Below are entries with pictures in them. Output exactly the lines starting at the line with "Endless Falls Knot" and ending at the line with "Minolta Memory Maker", both included, but not the pictures.

— Records to process —
○ ○ ○ ○ ○ ○ ○
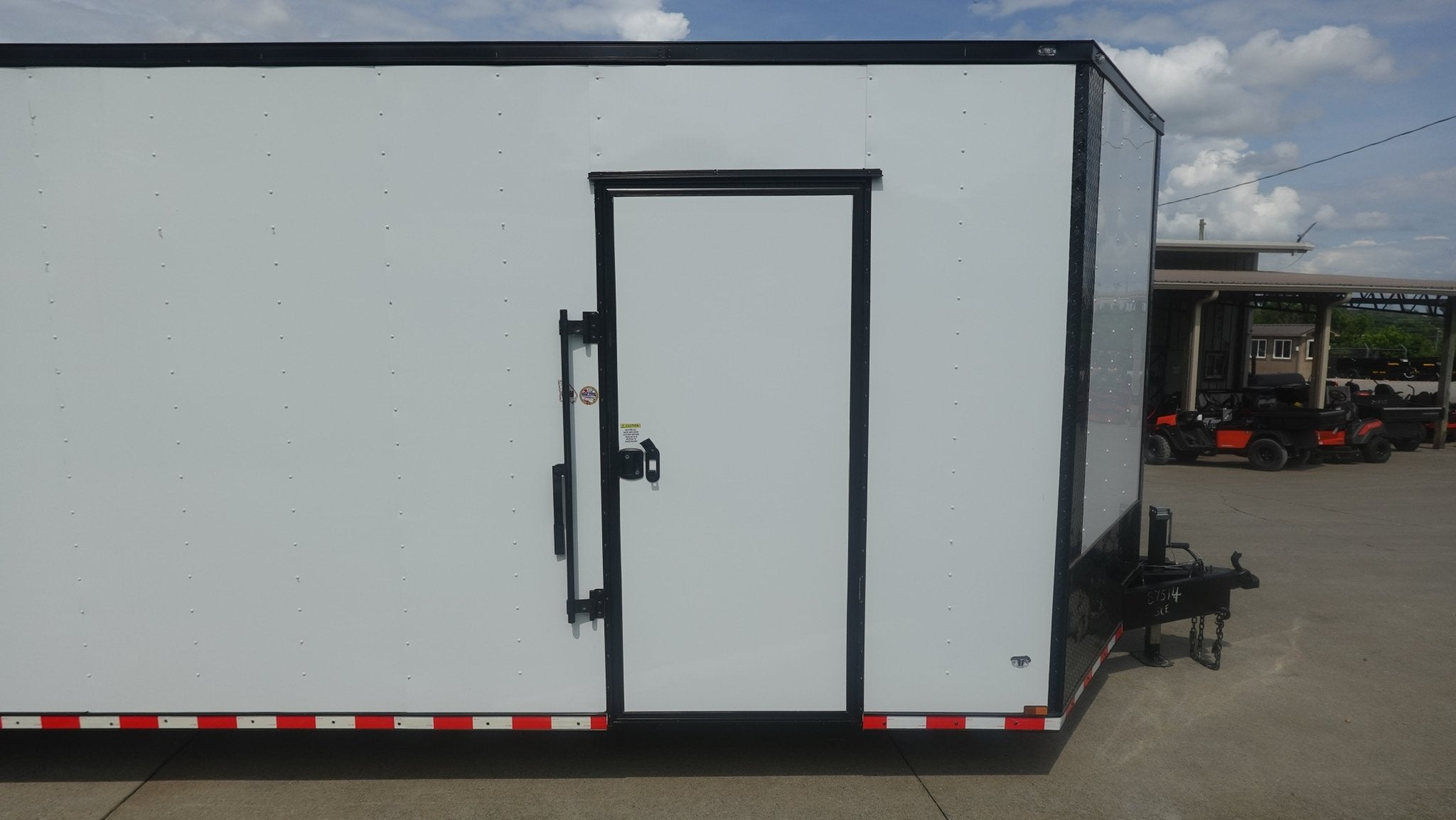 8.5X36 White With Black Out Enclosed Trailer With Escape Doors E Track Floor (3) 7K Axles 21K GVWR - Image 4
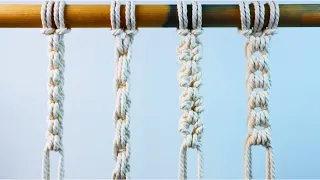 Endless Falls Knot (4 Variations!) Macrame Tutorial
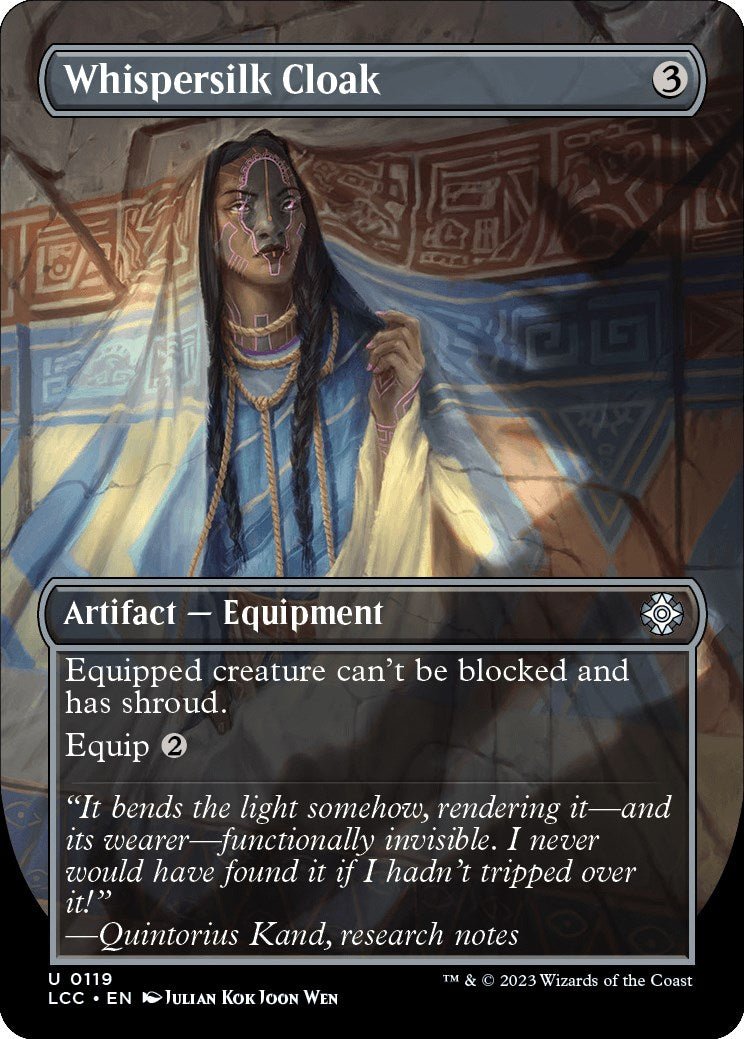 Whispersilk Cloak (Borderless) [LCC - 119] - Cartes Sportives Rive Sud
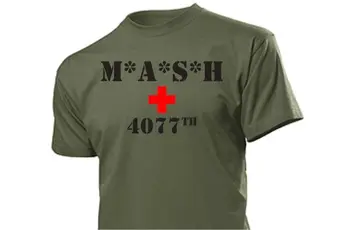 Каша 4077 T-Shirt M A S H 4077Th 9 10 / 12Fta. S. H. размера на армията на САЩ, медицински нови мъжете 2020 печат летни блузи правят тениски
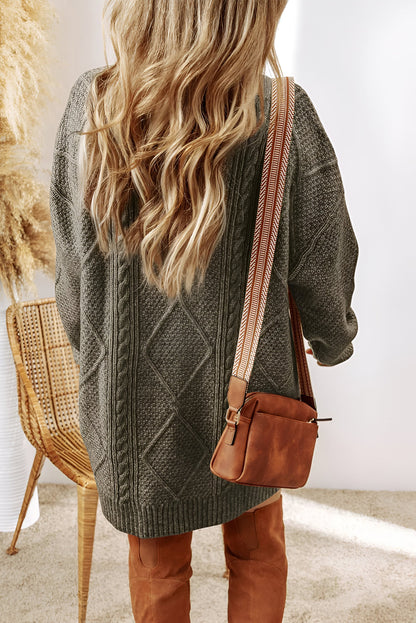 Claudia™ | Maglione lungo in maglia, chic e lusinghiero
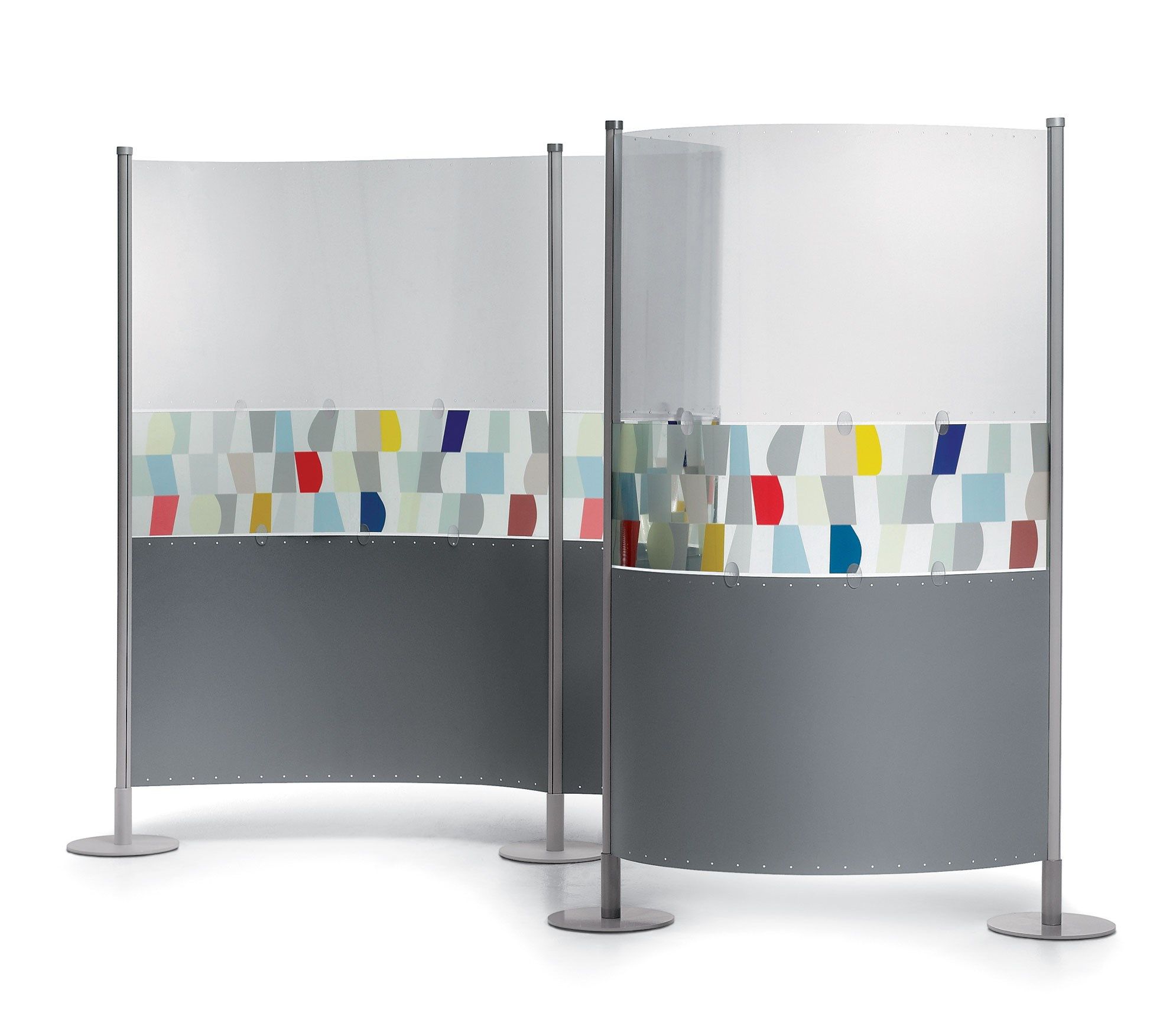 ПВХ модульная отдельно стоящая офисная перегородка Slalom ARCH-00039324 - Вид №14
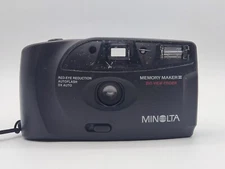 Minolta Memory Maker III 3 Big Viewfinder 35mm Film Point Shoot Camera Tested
○ ○ ○ ○ ○ ○ ○
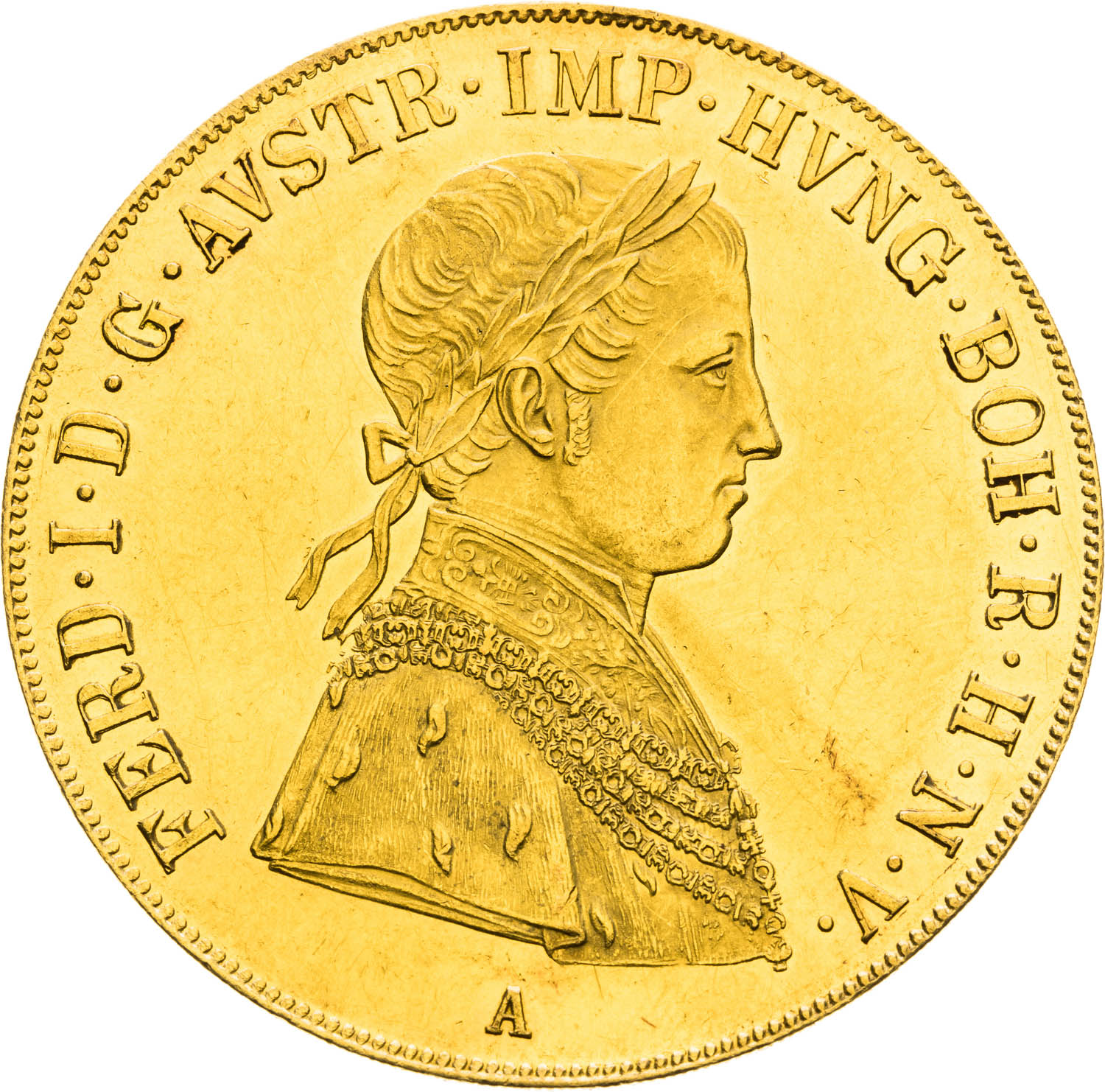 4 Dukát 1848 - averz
○ ○ ○ ○ ○ ○ ○
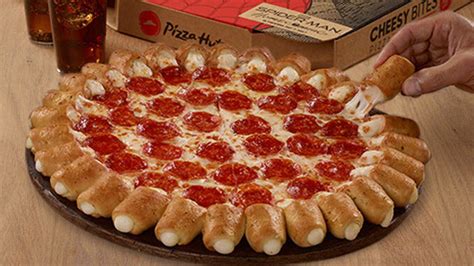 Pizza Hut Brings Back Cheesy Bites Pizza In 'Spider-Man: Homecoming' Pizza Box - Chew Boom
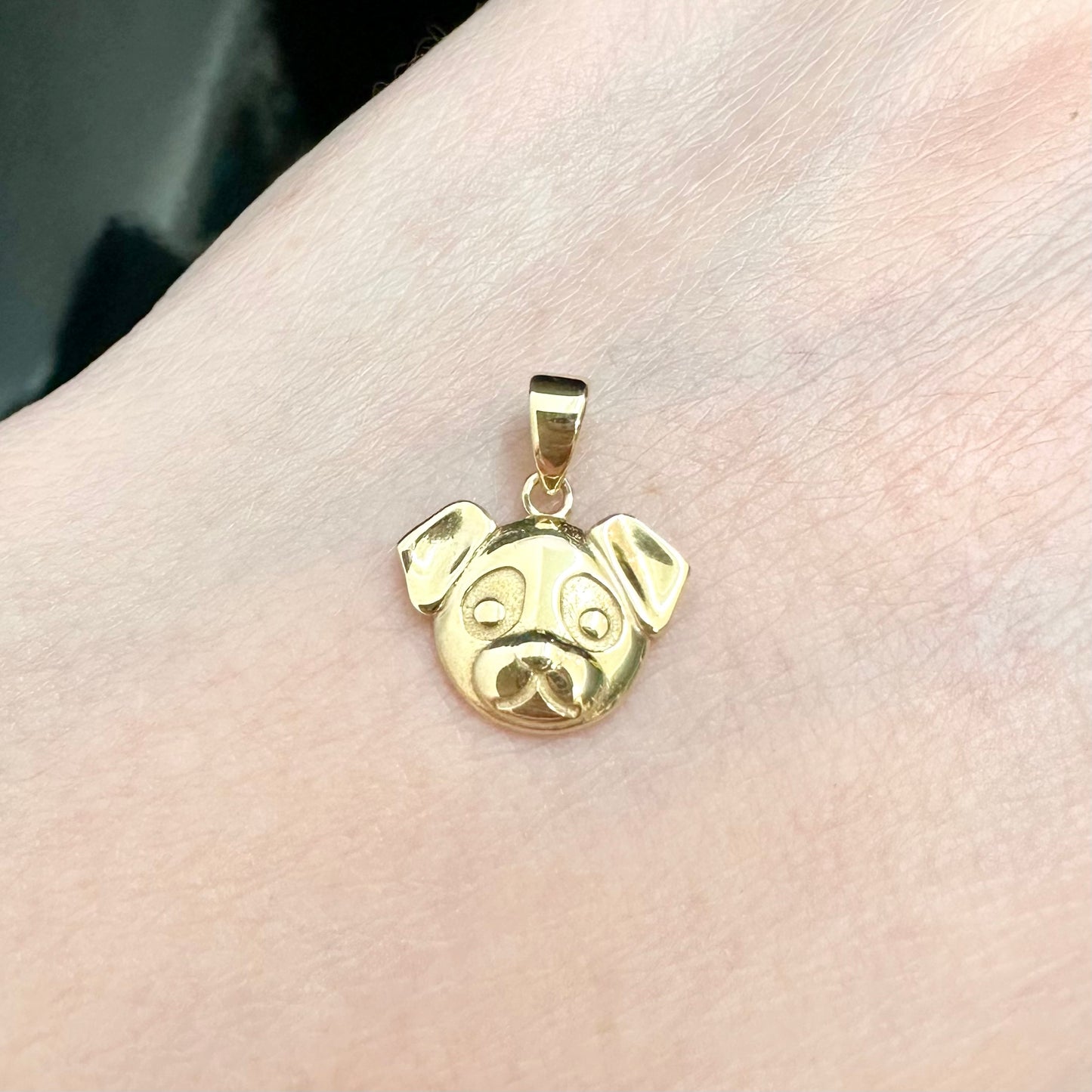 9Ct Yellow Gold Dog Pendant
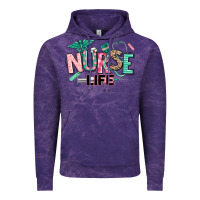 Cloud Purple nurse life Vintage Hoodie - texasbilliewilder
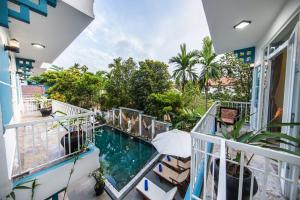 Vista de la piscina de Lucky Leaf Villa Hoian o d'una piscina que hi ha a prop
○ ○ ○ ○ ○ ○ ○
— Response for this exercise —
 Endless Falls Knot (4 Variations!) Macrame Tutorial
 Whispersilk Cloak (Borderless) [LCC - 119] - Cartes Sportives Rive Sud
 Каша 4077 T-Shirt M A S H 4077Th 9 10 / 12Fta. S. H. размера на армията на САЩ, медицински нови мъжете 2020 печат летни блузи правят тениски
 Claudia™ | Maglione lungo in maglia, chic e lusinghiero
 ПВХ модульная отдельно стоящая офисная перегородка Slalom ARCH-00039324 - Вид №14
 Minolta Memory Maker III 3 Big Viewfinder 35mm Film Point Shoot Camera Tested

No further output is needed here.